* [WHAT YOU SHOULD DO]
Type the listing below out again exactly. No images.

* [TASK INPUTS]

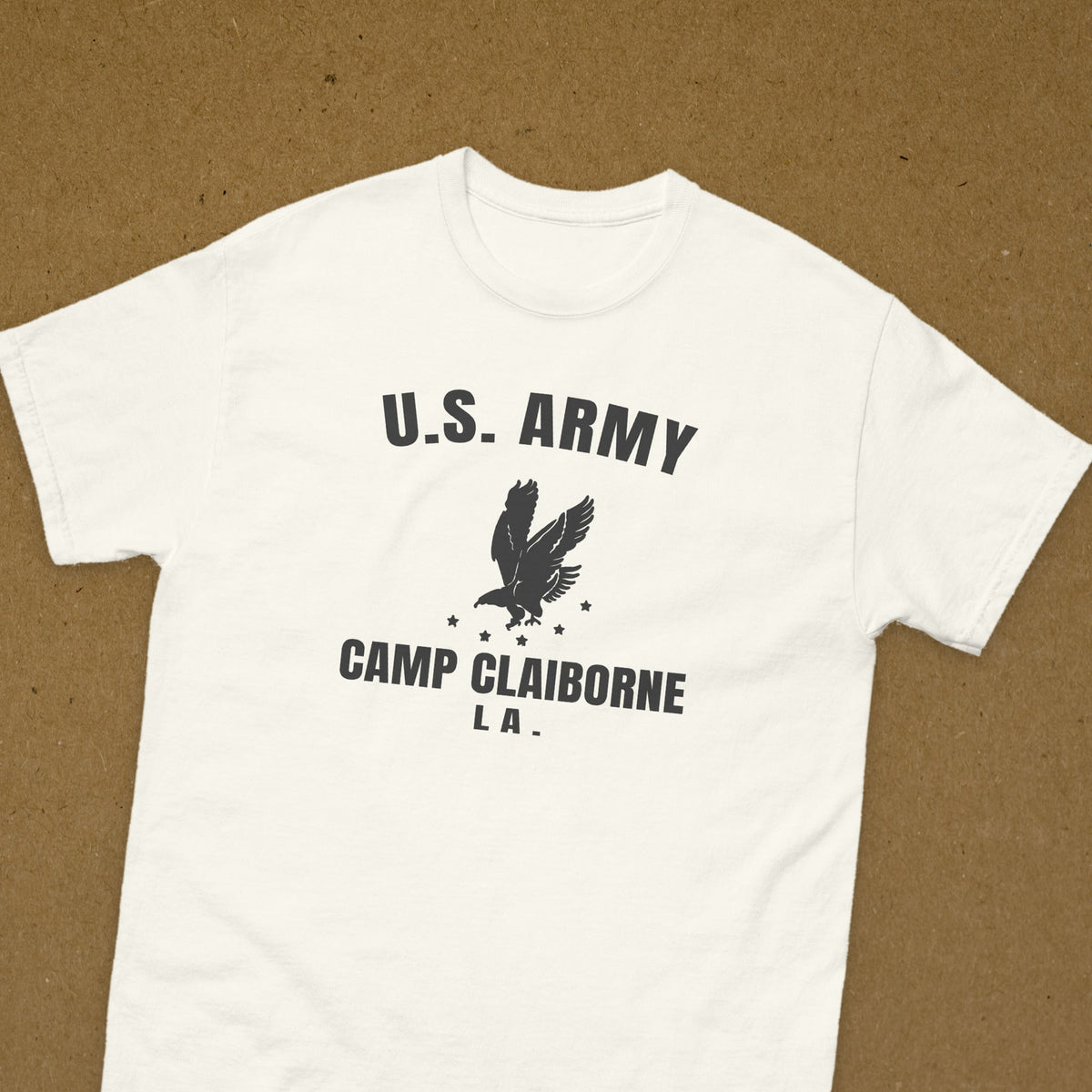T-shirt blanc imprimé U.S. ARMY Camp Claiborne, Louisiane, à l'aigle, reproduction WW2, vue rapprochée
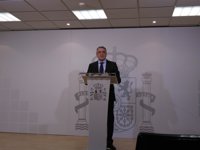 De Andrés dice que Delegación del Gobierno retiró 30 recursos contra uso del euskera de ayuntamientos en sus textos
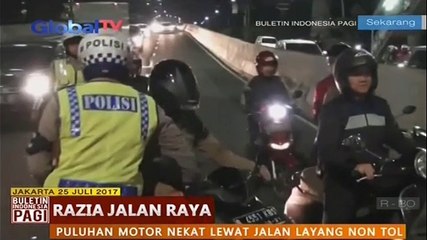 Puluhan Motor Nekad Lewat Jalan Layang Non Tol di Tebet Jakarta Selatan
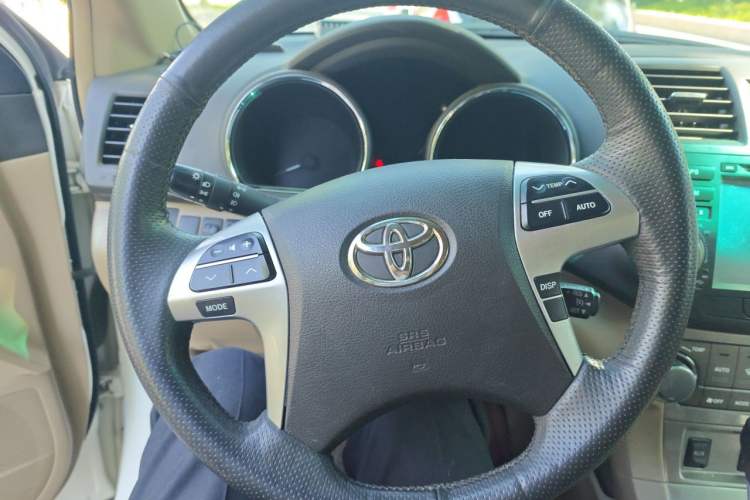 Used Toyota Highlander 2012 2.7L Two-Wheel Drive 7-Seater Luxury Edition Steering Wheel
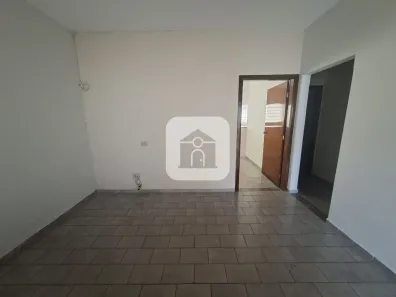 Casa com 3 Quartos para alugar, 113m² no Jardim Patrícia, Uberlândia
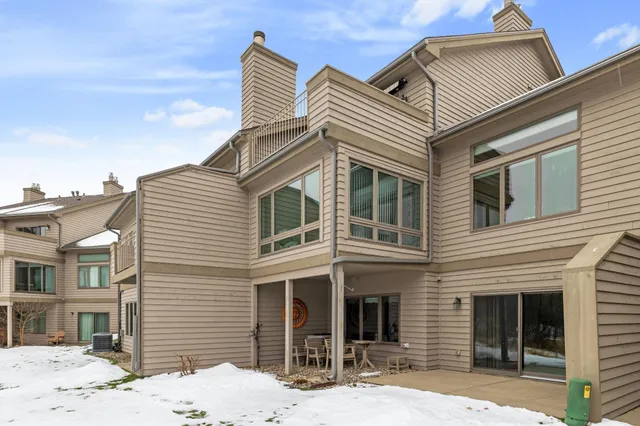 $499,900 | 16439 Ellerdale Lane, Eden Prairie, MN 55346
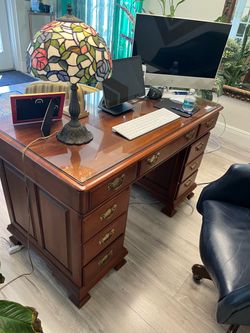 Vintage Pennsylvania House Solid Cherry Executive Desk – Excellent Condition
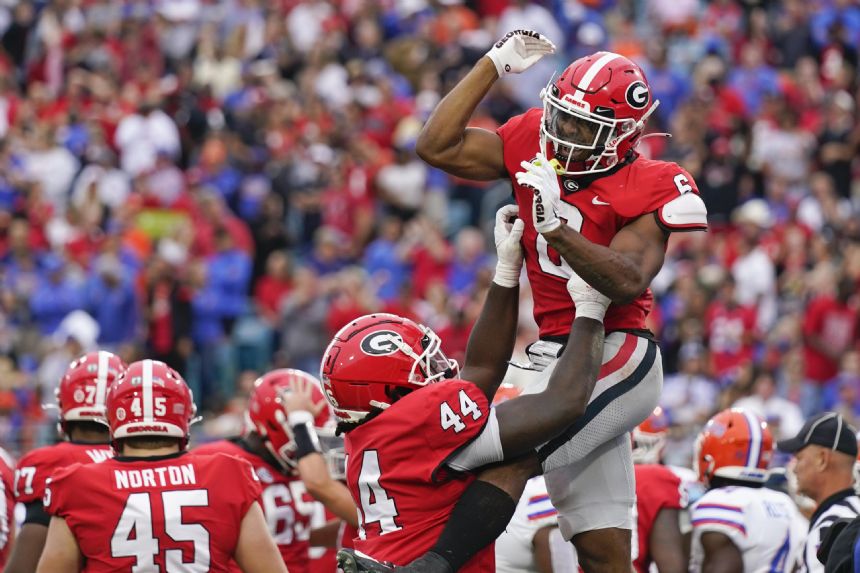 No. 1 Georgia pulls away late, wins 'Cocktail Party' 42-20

* [RESPONSE TO THE TASK]
T-shirt blanc imprimé U.S. ARMY Camp Claiborne, Louisiane, à l'aigle, reproduction WW2, vue rapprochée
 De Andrés dice que Delegación del Gobierno retiró 30 recursos contra uso del euskera de ayuntamientos en sus textos
 Puluhan Motor Nekad Lewat Jalan Layang Non Tol di Tebet Jakarta Selatan
 Used Toyota Highlander 2012 2.7L Two-Wheel Drive 7-Seater Luxury Edition Steering Wheel
 Casa com 3 Quartos para alugar, 113m² no Jardim Patrícia, Uberlândia
 $499,900 | 16439 Ellerdale Lane, Eden Prairie, MN 55346
 Vintage Pennsylvania House Solid Cherry Executive Desk – Excellent Condition
 No. 1 Georgia pulls away late, wins 'Cocktail Party' 42-20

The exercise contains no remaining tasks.